• [Problem details]: The answer must consist only of the lines in the records below from the line with "Pedestrian cross Ouellette" to the line with "Colour film slide", both included, copied word for word with every picture left out.

• [Material shown]:
============
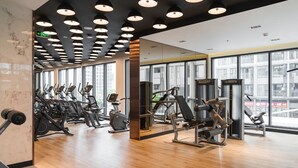 Un gimnasio con máquinas de cardio, zonas de pesas y amplios ventanales con vistas a la ciudad.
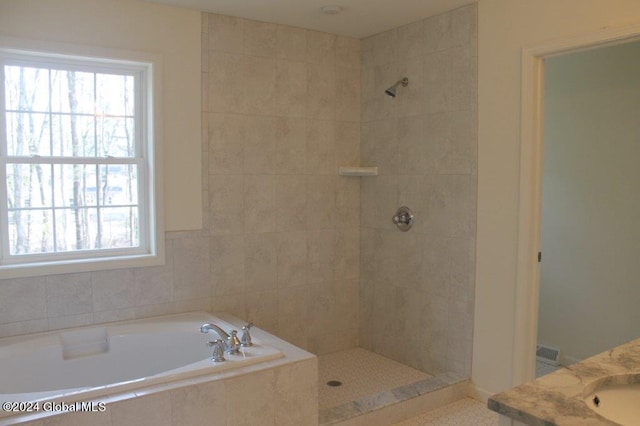 bathroom with plus walk in shower and vanity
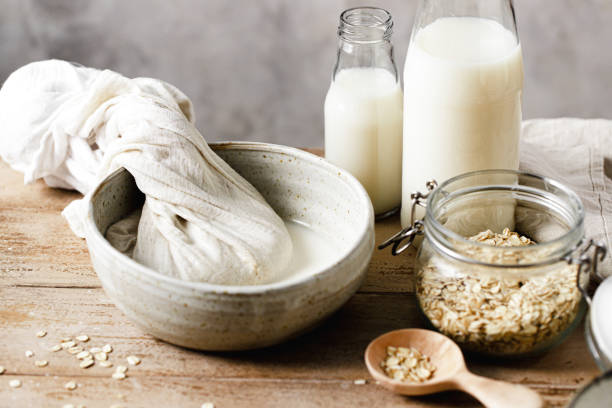 istock Squeezing the strain cloth to extract oat milk into a bowl 2154003516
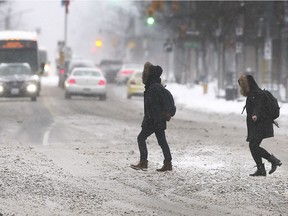 Pedestrian cross Ouellette Ave. in Windsor, ON. on Saturday, January 19, 2019, during a heavy snowfall.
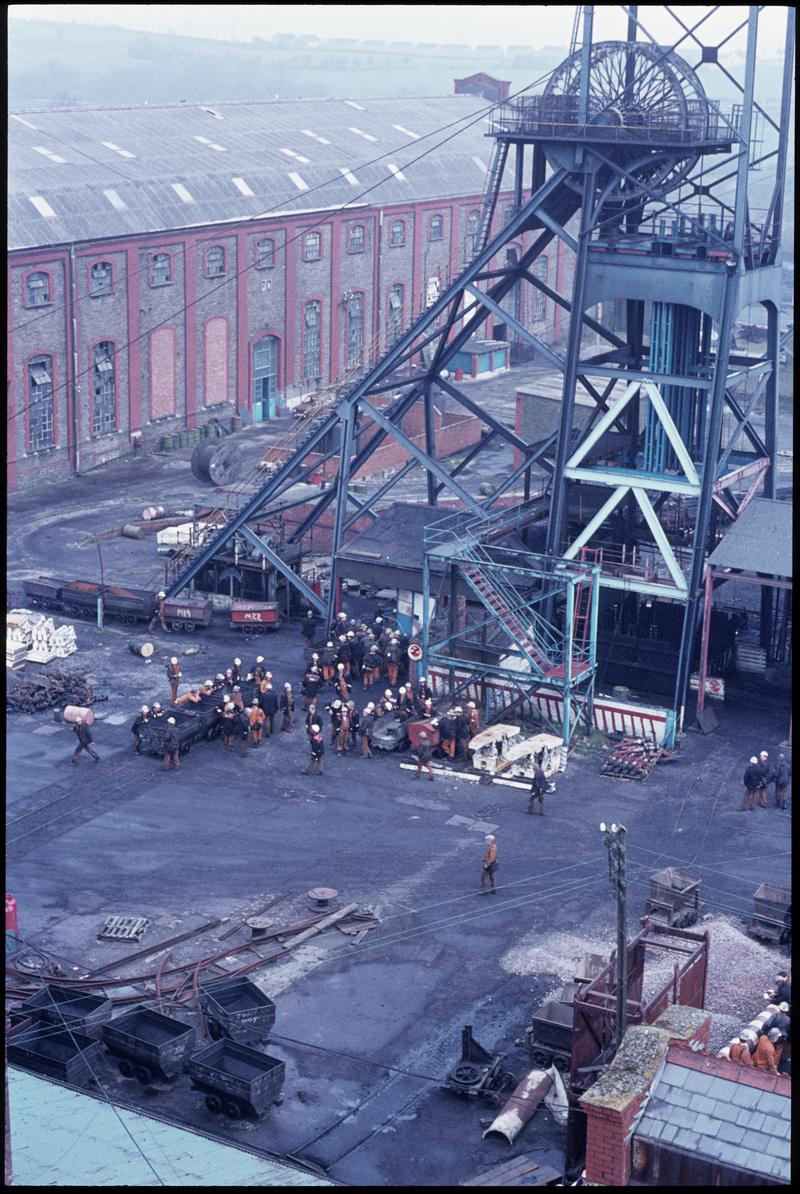 Colour film slide showing a general view of Penallta Colliery from the baths, with the afternoon shift waiting to descend, April 1981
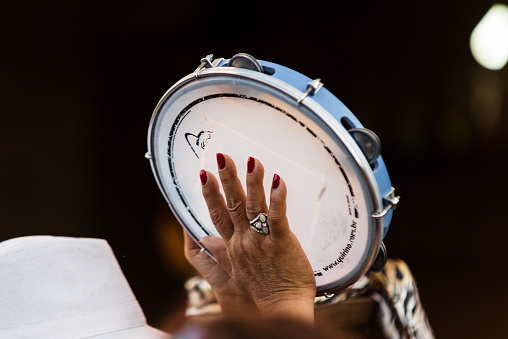 Conservatoria (Rio de Janeiro), Brazil - July 09, 2013: Woman playing tambourine during a performance of Mulheres de Aquilah (portuguese for Women of Aquilah) samba group presentation on the streets of historic viallage. The group is formed exclusively by women percussionists and is based in Madureira, popular samba neighborhood in Rio de Janeiro capital.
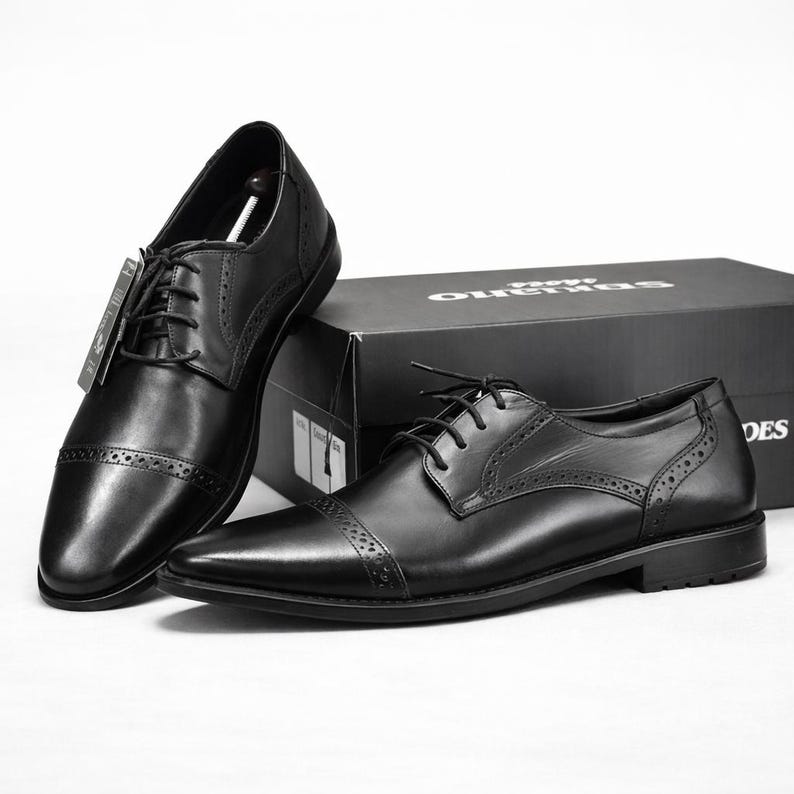 May include: Black leather dress shoes with a classic cap-toe design. The shoes have a lace-up closure and decorative perforations. A black shoebox is in the background. The shoes are a formal style.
============
• [Written solution]:
 Pedestrian cross Ouellette Ave. in Windsor, ON. on Saturday, January 19, 2019, during a heavy snowfall.
 Colour film slide showing a general view of Penallta Colliery from the baths, with the afternoon shift waiting to descend, April 1981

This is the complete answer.